## YOUR TASK
Going through the data below, please show each line containing the string "Womens".

(Short text fragments from websites)
::::::::

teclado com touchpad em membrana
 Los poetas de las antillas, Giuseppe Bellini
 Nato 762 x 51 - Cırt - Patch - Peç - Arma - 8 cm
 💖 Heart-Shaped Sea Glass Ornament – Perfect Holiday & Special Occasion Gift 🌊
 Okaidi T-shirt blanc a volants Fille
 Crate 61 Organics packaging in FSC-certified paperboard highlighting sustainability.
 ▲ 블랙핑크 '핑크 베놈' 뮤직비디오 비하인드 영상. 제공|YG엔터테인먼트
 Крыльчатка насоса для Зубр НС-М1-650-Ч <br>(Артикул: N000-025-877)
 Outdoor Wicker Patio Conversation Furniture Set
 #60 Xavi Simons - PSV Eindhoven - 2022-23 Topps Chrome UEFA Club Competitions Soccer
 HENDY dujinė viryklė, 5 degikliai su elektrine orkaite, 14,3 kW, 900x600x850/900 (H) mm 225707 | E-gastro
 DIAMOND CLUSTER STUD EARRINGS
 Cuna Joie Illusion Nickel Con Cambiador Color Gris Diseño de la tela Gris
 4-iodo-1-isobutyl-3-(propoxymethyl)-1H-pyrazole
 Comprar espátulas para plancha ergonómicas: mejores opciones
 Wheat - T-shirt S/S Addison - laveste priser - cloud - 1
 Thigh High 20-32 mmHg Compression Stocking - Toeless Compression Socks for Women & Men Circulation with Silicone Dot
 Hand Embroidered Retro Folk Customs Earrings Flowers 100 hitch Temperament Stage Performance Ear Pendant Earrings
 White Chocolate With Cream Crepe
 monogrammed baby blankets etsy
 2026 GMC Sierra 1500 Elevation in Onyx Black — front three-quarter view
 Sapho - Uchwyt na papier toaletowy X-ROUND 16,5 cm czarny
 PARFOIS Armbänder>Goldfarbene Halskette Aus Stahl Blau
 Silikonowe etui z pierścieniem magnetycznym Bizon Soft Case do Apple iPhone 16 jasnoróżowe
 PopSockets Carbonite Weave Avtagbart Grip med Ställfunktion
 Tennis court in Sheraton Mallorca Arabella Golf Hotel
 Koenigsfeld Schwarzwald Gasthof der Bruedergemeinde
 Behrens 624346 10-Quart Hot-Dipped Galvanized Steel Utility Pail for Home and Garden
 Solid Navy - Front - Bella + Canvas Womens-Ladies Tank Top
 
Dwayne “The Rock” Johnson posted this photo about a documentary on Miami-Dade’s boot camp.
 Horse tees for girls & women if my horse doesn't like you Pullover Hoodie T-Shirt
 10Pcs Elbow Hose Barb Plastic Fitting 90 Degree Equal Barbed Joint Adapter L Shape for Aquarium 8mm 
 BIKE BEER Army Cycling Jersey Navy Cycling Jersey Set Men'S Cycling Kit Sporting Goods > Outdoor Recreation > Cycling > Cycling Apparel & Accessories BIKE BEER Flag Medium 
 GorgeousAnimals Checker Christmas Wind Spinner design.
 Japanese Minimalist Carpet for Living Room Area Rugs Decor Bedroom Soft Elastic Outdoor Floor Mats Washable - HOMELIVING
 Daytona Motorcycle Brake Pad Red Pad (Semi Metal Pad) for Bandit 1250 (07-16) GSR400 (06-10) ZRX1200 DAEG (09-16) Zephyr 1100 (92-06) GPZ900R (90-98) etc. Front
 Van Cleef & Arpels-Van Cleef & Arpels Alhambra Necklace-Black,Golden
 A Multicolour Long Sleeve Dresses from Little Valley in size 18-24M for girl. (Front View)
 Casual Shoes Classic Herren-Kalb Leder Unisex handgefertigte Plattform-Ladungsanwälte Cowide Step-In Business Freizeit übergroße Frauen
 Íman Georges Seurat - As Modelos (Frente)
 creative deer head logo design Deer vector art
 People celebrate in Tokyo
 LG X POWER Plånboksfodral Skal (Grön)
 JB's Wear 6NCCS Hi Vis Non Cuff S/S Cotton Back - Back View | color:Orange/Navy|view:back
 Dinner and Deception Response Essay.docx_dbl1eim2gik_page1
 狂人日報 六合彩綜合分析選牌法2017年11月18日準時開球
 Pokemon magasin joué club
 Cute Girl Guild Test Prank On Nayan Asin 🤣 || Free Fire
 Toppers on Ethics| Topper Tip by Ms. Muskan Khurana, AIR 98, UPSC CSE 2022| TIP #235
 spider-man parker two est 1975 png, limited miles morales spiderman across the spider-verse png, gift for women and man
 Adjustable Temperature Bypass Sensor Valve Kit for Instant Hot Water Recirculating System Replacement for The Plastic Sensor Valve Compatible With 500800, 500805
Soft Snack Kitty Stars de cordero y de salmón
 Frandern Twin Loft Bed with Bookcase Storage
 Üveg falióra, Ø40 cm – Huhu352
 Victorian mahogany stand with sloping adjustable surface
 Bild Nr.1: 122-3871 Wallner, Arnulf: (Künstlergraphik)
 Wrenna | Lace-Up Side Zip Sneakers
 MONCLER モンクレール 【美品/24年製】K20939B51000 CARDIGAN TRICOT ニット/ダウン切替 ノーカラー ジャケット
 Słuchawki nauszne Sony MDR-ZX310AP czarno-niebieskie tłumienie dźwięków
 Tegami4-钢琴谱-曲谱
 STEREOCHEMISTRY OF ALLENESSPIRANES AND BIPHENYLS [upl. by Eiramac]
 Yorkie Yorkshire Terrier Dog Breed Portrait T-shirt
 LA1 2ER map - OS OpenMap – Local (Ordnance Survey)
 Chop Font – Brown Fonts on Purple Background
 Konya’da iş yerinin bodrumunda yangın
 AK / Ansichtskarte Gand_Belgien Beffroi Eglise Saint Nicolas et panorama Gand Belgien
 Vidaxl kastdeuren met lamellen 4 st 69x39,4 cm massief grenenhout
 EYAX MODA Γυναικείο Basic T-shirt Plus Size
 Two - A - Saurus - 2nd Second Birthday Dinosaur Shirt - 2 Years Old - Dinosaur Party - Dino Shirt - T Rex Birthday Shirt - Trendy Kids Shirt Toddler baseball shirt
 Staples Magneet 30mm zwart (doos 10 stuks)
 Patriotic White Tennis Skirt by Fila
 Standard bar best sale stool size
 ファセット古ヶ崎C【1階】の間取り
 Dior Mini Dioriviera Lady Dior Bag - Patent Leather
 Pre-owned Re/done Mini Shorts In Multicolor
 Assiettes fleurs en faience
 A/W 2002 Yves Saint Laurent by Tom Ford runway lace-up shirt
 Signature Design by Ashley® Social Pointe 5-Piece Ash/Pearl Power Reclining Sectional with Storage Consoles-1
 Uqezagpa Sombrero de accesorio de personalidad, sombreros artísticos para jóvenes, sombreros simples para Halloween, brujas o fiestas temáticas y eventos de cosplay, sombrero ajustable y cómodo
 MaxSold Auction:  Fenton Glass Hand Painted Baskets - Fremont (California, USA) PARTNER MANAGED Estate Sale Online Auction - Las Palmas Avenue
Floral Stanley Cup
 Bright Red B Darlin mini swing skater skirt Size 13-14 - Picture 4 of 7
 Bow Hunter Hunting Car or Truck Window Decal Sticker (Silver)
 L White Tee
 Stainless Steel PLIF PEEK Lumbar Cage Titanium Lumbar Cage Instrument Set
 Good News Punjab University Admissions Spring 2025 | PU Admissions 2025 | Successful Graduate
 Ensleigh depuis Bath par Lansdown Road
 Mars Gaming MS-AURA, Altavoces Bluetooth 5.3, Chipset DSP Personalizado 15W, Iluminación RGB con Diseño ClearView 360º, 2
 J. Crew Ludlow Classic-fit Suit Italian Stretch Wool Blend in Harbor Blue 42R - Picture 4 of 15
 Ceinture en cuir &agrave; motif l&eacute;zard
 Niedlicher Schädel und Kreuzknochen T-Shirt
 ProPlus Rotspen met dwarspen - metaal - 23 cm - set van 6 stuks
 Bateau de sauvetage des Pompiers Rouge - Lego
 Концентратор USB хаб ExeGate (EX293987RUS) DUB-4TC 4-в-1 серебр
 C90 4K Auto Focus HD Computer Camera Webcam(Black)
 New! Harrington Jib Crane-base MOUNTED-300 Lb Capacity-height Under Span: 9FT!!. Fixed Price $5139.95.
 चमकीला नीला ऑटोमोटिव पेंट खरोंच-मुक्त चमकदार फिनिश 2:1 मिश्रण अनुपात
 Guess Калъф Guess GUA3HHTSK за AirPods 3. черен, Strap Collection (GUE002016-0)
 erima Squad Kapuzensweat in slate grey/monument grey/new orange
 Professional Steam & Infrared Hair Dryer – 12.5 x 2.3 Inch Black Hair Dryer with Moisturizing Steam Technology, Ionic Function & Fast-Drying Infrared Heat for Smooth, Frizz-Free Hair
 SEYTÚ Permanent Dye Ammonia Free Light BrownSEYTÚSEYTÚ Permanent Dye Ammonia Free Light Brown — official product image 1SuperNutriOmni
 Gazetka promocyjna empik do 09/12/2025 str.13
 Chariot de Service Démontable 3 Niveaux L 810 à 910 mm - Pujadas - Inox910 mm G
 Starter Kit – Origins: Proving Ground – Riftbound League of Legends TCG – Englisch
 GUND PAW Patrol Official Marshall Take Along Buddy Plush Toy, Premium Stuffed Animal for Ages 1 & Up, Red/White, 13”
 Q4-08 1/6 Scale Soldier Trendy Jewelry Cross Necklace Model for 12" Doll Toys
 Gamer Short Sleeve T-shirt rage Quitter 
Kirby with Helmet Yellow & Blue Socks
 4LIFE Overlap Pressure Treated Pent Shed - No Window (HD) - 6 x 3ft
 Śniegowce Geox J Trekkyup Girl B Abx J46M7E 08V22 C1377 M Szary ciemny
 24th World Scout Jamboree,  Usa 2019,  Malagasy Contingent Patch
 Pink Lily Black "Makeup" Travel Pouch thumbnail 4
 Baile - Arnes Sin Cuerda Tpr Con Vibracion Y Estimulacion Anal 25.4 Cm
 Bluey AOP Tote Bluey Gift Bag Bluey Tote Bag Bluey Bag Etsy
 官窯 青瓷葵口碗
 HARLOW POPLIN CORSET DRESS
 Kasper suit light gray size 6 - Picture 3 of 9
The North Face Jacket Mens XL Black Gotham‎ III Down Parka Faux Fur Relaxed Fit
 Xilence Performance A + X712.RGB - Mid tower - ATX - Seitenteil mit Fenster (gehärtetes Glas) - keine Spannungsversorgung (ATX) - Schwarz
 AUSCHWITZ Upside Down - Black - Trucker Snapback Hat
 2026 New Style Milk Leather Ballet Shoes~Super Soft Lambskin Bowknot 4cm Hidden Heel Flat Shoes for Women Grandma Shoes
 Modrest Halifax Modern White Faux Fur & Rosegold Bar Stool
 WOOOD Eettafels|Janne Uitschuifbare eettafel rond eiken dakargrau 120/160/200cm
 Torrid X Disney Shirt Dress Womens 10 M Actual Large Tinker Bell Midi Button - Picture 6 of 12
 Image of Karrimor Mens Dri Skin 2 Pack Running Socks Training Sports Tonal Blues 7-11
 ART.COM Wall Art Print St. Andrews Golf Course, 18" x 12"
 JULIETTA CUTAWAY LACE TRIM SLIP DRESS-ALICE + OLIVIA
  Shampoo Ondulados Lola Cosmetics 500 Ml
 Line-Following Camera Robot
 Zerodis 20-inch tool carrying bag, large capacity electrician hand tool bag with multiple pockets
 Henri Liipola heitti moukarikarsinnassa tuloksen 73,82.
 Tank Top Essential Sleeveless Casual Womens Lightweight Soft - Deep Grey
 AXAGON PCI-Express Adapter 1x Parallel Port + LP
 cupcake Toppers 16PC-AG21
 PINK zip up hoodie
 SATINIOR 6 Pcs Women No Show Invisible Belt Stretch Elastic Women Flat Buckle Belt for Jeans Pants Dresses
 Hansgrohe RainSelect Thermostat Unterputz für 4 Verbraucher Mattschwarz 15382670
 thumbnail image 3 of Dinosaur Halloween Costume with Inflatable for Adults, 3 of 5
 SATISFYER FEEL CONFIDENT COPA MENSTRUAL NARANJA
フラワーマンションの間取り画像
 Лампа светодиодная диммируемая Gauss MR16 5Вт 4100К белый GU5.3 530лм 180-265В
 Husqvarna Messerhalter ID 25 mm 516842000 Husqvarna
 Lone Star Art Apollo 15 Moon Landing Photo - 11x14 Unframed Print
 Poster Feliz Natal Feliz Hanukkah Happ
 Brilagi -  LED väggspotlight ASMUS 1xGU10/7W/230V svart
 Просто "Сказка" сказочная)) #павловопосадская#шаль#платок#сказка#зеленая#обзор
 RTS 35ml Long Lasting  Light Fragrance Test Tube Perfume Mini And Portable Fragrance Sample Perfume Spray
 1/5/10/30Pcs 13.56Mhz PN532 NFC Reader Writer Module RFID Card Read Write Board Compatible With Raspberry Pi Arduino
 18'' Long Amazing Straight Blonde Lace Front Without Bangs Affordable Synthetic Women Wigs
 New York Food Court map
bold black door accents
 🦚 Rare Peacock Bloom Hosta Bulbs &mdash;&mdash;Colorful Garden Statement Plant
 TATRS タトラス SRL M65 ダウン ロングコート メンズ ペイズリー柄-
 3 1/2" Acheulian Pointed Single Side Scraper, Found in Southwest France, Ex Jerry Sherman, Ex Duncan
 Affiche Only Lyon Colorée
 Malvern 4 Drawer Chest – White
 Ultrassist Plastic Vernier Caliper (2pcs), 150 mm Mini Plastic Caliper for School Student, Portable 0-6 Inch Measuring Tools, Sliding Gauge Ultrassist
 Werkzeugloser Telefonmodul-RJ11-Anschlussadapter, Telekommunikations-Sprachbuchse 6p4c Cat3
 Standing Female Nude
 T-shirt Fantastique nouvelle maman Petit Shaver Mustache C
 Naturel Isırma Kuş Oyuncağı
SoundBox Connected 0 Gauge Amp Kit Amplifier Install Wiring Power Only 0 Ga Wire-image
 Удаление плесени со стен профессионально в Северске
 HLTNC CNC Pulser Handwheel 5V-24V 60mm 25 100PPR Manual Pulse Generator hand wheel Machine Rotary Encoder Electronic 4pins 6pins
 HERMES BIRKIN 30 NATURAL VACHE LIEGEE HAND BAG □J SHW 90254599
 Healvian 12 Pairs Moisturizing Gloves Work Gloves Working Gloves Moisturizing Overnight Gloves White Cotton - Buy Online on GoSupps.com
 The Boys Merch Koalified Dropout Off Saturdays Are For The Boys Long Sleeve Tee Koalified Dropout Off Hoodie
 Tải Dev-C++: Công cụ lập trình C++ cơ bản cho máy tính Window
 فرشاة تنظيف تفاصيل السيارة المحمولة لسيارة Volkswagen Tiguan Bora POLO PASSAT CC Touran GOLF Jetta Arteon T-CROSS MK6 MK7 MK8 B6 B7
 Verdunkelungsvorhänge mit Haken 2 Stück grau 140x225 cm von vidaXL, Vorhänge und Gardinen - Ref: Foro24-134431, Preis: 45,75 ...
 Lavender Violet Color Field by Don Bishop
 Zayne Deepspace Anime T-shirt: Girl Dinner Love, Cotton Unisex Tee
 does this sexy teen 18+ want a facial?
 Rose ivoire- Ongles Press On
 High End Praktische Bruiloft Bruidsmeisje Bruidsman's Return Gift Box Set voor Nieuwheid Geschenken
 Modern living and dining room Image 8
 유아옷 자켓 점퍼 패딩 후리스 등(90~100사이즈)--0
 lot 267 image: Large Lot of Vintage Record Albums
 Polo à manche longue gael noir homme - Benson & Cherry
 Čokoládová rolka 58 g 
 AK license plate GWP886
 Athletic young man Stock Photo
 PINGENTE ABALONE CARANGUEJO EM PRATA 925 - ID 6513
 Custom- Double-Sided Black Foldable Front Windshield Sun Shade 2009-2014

::::::::

## TASK RESPONSE
 Solid Navy - Front - Bella + Canvas Womens-Ladies Tank Top
 Torrid X Disney Shirt Dress Womens 10 M Actual Large Tinker Bell Midi Button - Picture 6 of 12
 Tank Top Essential Sleeveless Casual Womens Lightweight Soft - Deep Grey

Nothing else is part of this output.